No other issue came even close.
It's also important to notice that eight Upper South and Border States refused to secede so long as slavery was the only real reason.
Then after Fort Sumter four of those states declared secession based on Virginia's claim of "injury or oppression", not slavery.
Your labels, first round and second, etc. are misleading at minimum.
there were a total of 11 state legislatures or conventions, 1 rump state convention, 1 territorial convention, and 2 Indian tribes that published one or more secession documents around the beginning of the war.
If taken altogether, they published at least 20 documents declaring or otherwise affirming their secession. 11 were ordinances officiating the secession act itself adopted by the 11 state conventions, legislatures, or popular referendum.

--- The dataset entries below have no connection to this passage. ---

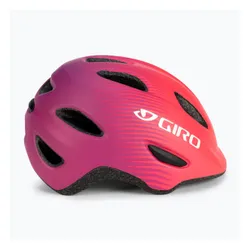 Kask rowerowy dziecięcy Giro Scamp Jr matte pink/purple fade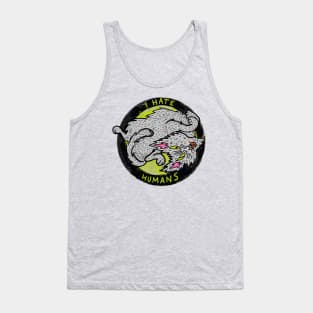 Stray Cat I Hate Humans slogan Pisittu Aresti - by Miskel Design Tank Top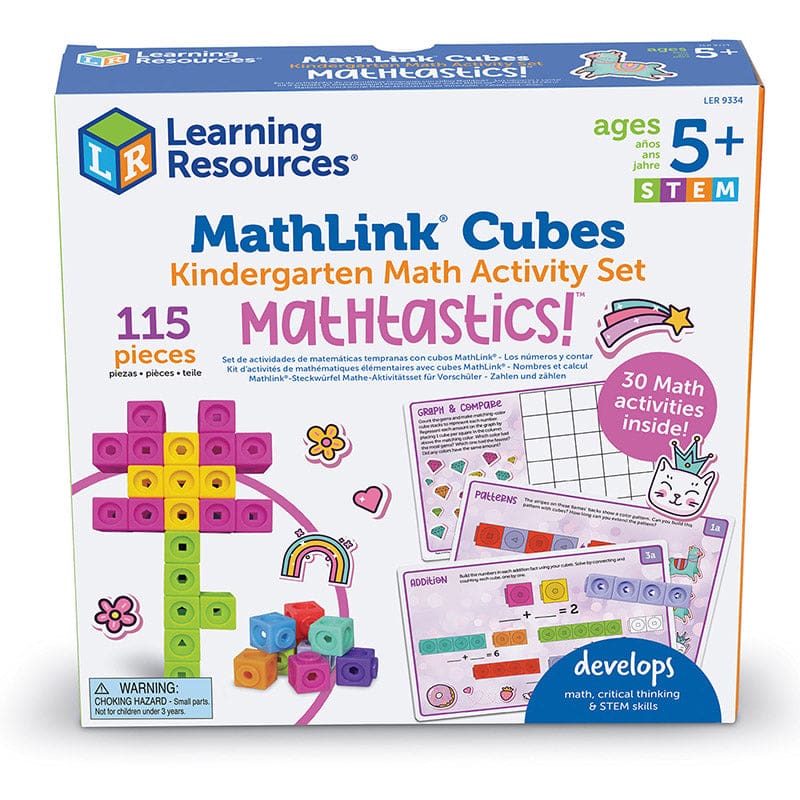 Mathlink Cubes Gr K Mathtastics Math Activity Set (Pack of 2) - Math - Learning Resources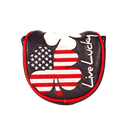 Black Clover Live Lucky Mallet Putter Cover - Live Lucky USA Golf
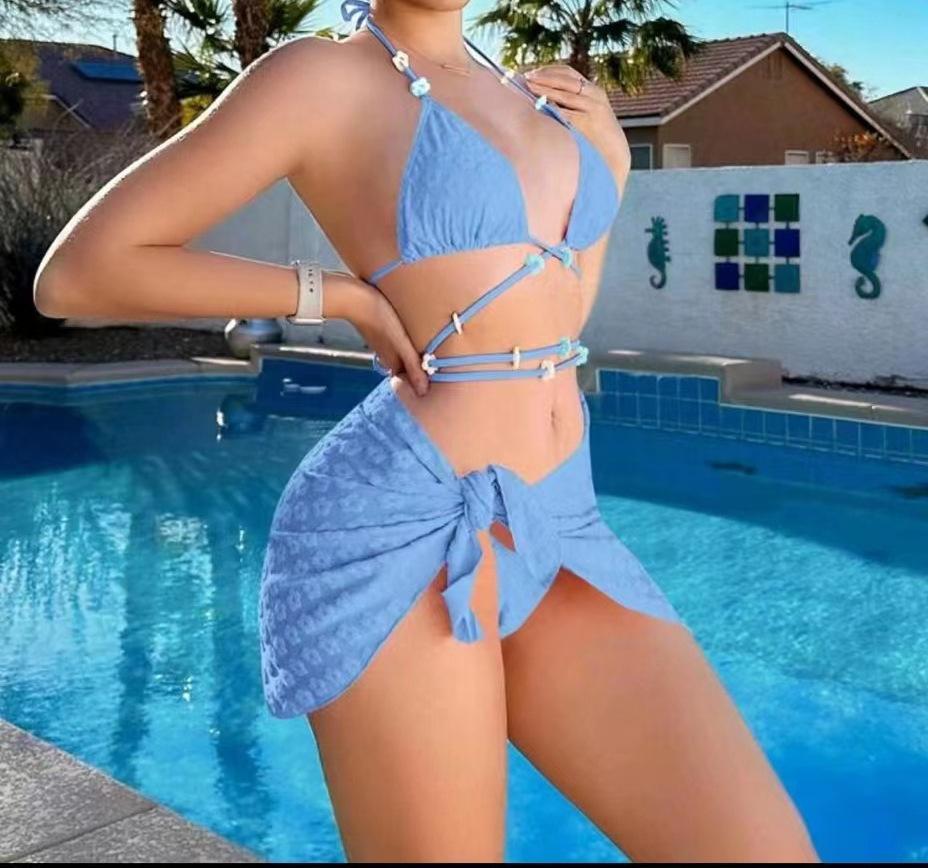 European And American New Swimsuit Split Swimsuit Bikini Sexy Three-Piece Women S Bikini S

The conventions of 4 of those 11 states adopted an additional “Declaration of Causes” as a nonbinding legislative resolution, and serving as public information only and not legally binding on anything.
With regard to the official documents of secession, none of the original 7 and eventual 11 ordinances mentioned slavery as a cause of their decision to leave the Union.
The convention of South Carolina also adopted a letter of causes addressed to all the other southern states outlining their list of justifications and urging others to join them. This document is the same type of narrative offered by other states. It is interesting reading but nothing more than ancillary composition.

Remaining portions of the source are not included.